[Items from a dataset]

Segment Open

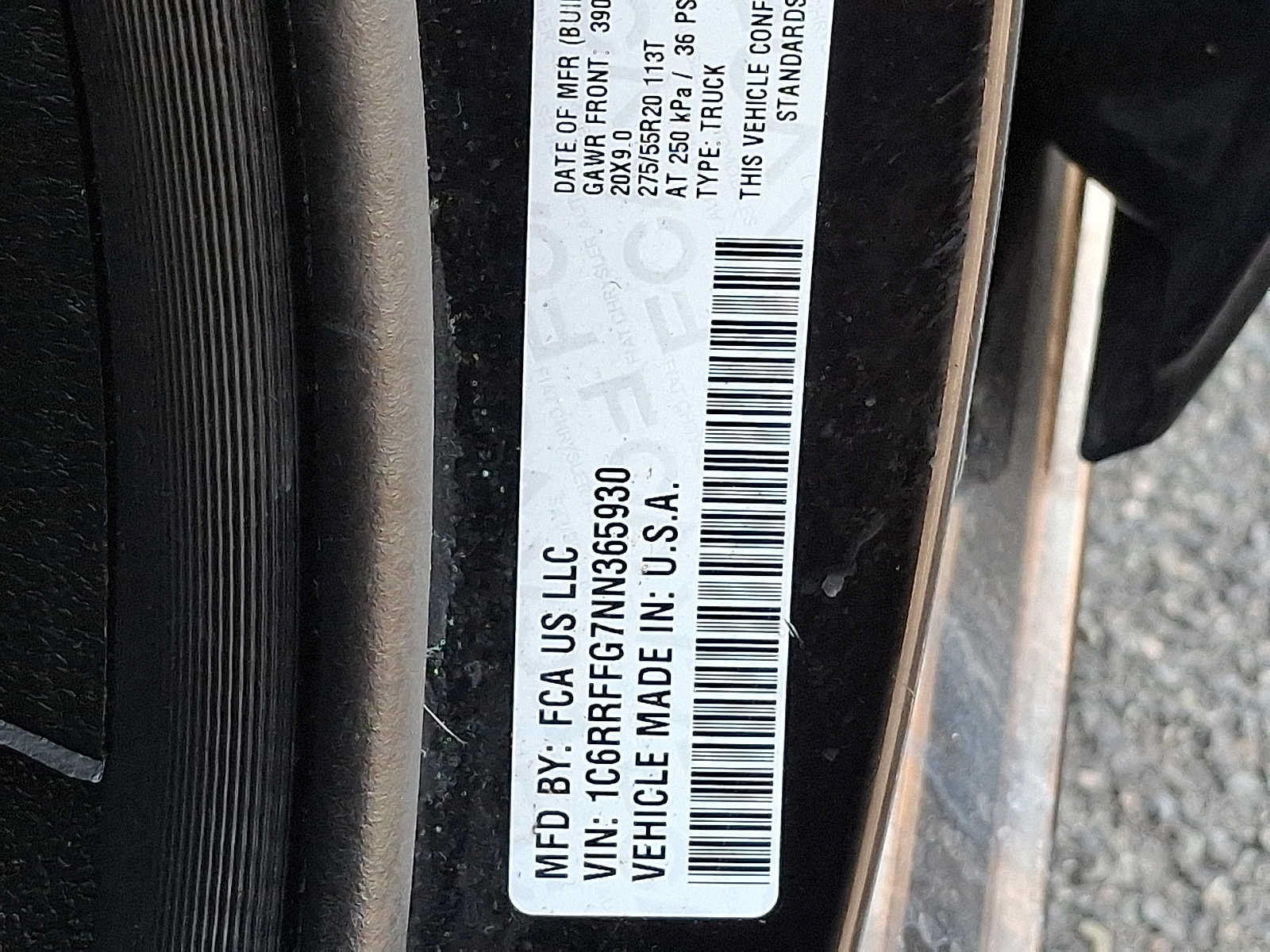 Used 2022 RAM 1500 Big Horn AWD/4WD image 27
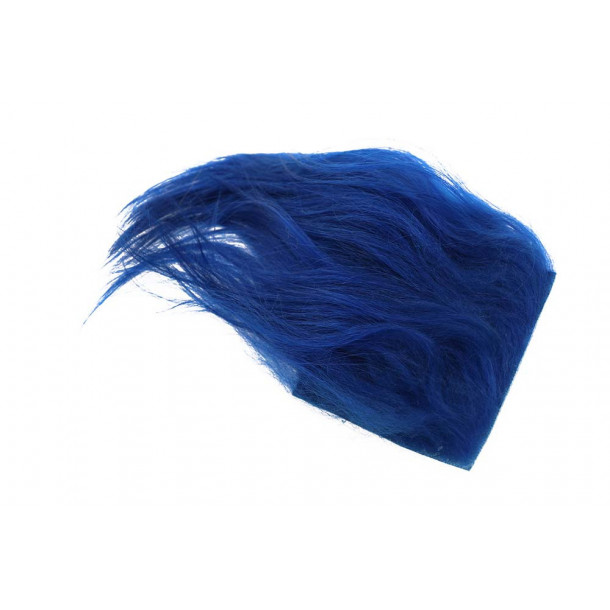 Goat - Peacock Blue
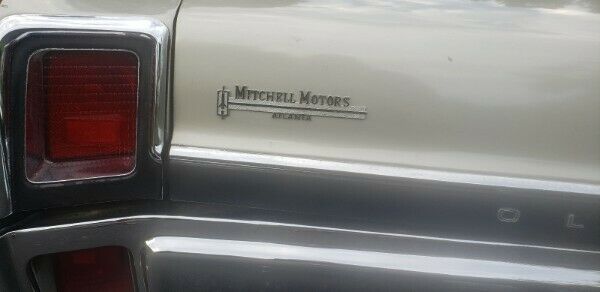 1967 Silver Oldsmobile 442 2 Door Hard Top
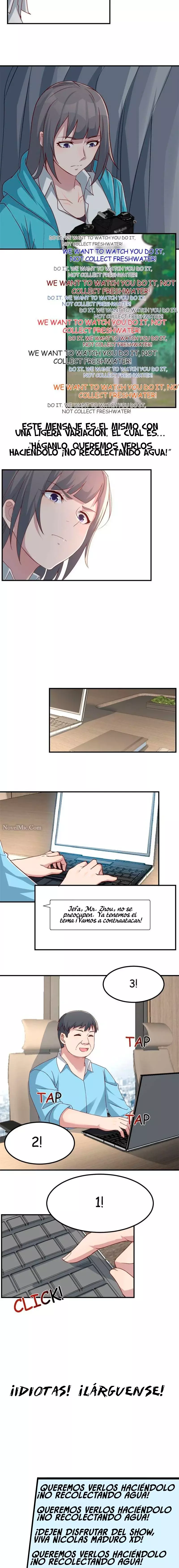 Tengo Novias Gemelas capítulo 240 página 4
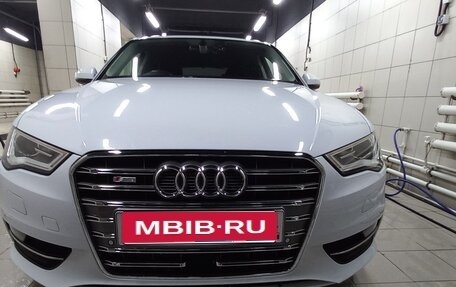 Audi A3, 2013 год, 1 170 000 рублей, 8 фотография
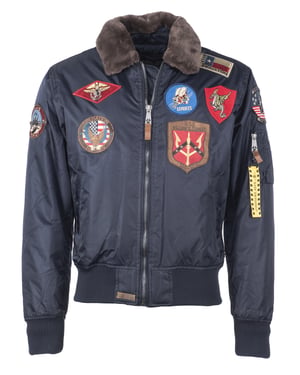 Top Gun Bomberjacke TG20192047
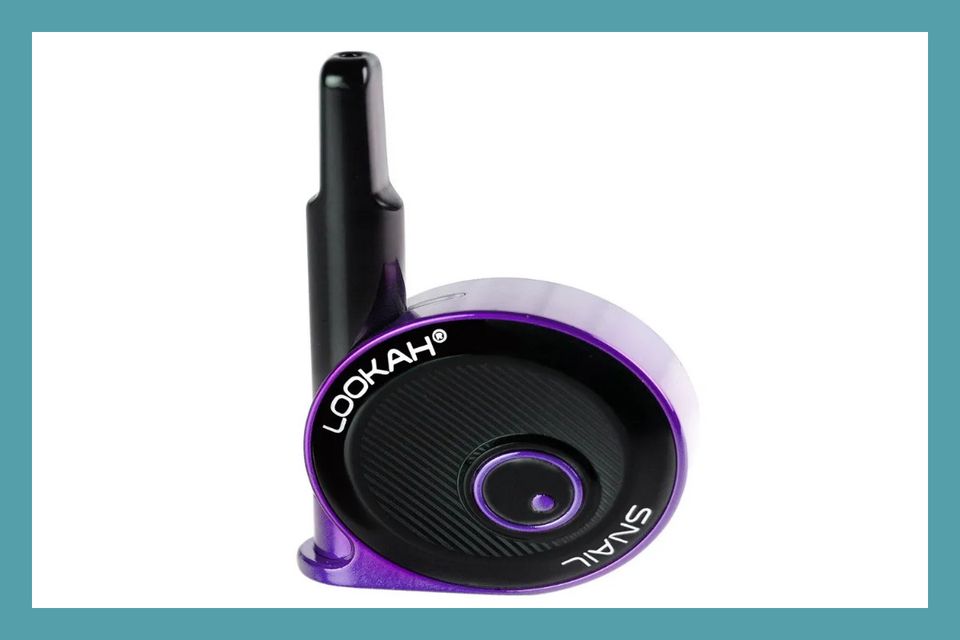 Lookah Snail 2.0 Purple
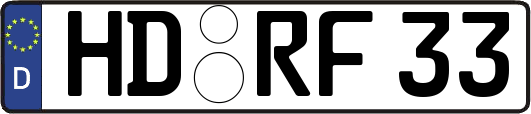 HD-RF33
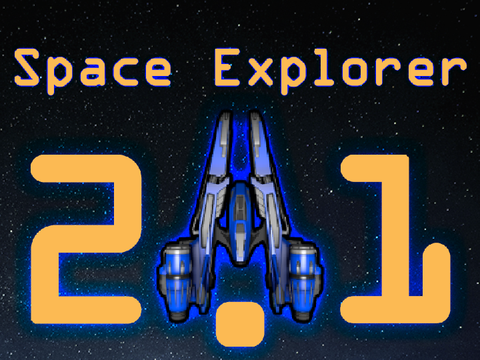 Space Explorer 2.1 - Planets Update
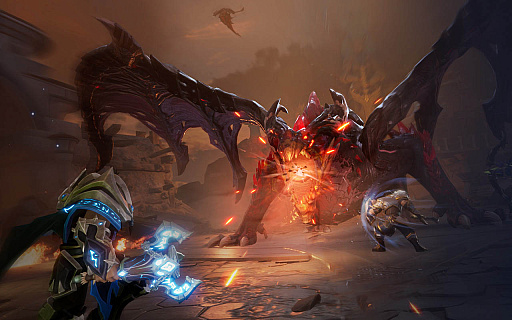 画像ギャラリー No.004のサムネイル画像 / Tencent,新作ファンタジーMMORPG「Tarisland」のグローバル展開を発表。公式サイトをオープン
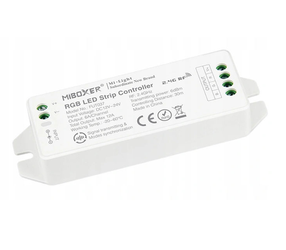 Kontroler sterownik RGB Ściemniacz RF 12/24V 12A  FUT037M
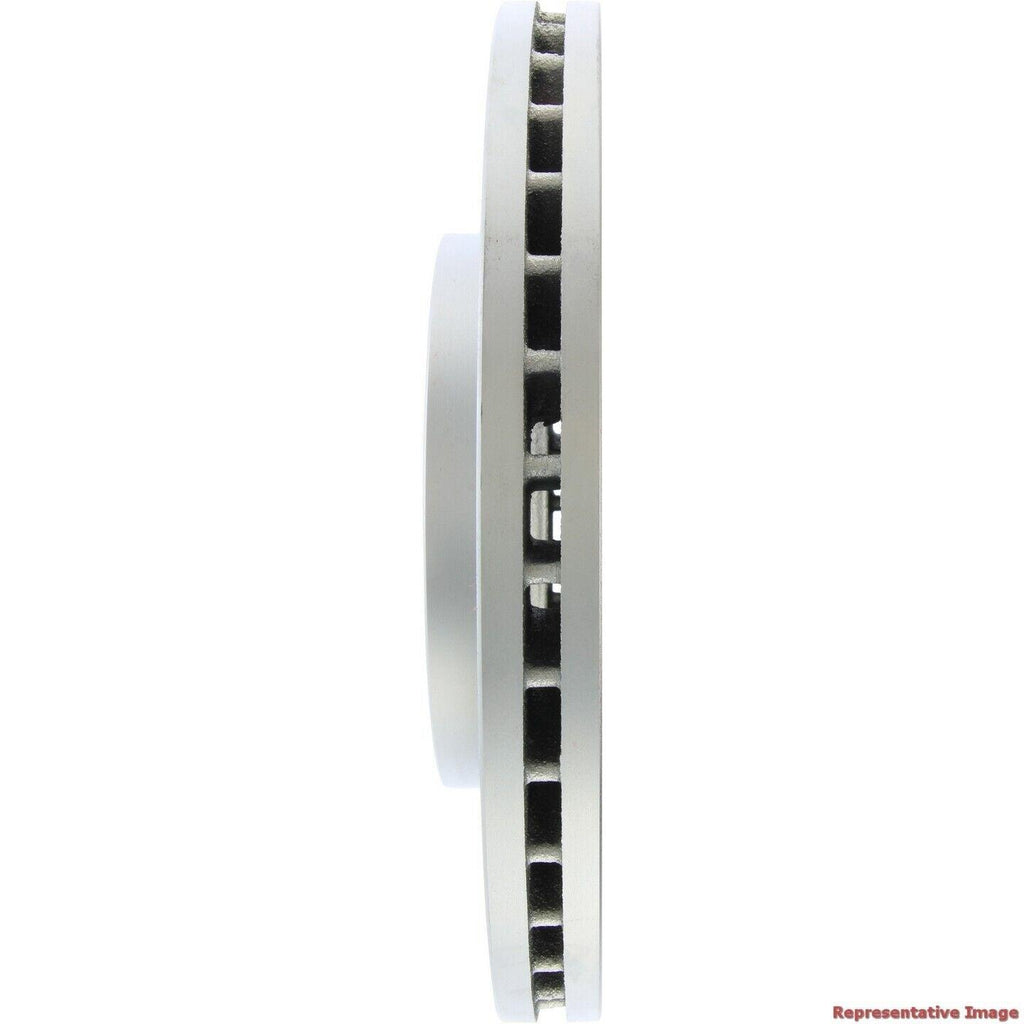 Centric Front Disc Brake Rotor for Malibu, G6 (320.62077F)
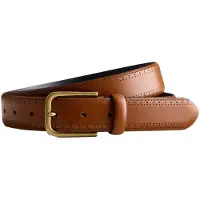 Next Ceinture caramel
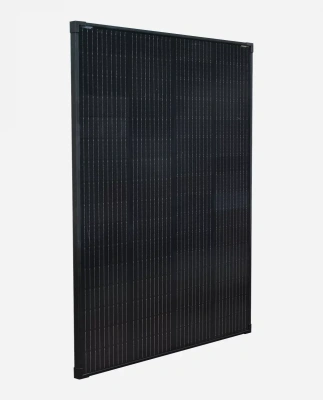 Solarmodul enjoy solar 170 Watt 12 Volt full black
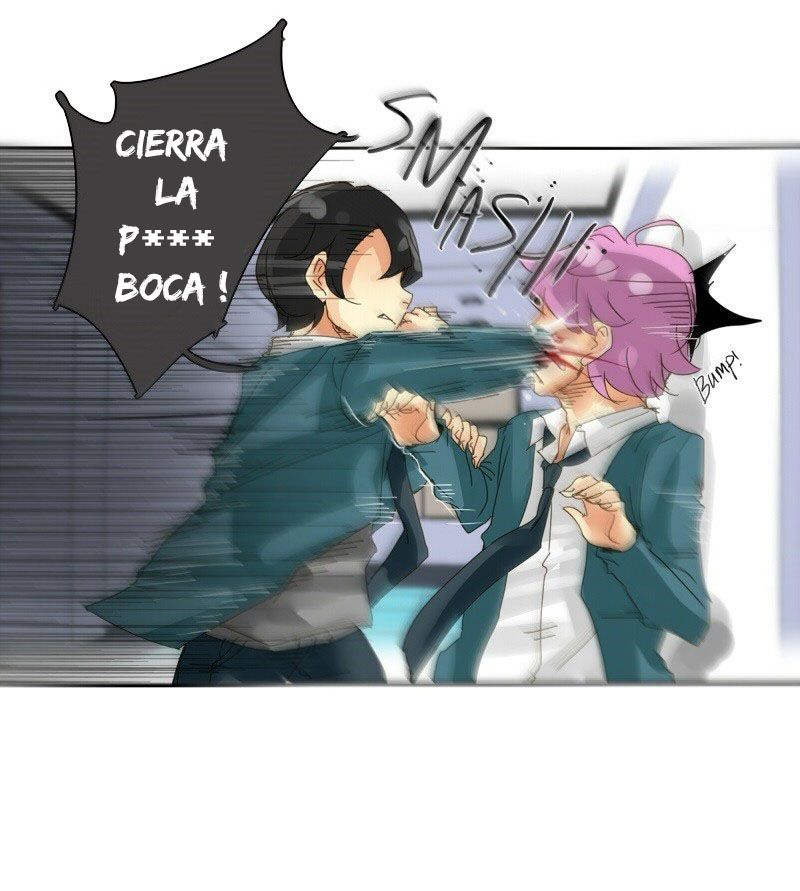 UnORDINARY Capitulo 24 página 43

Segment Closed

Problem to work on - Reproduce exactly and only the lines from the one with "Top Gun Bomberjacke TG20192047" through the last entry, both included, excluding every picture.

Response to this exercise -
 Top Gun Bomberjacke TG20192047
 Lookah Snail 2.0 Purple
 HD-RF33
 Space Explorer 2.1 - Planets Update
 画像ギャラリー No.004のサムネイル画像 / Tencent,新作ファンタジーMMORPG「Tarisland」のグローバル展開を発表。公式サイトをオープン
 Kontroler sterownik RGB Ściemniacz RF 12/24V 12A  FUT037M
 Centric Front Disc Brake Rotor for Malibu, G6 (320.62077F)
 Next Ceinture caramel
 Solarmodul enjoy solar 170 Watt 12 Volt full black
 UnORDINARY Capitulo 24 página 43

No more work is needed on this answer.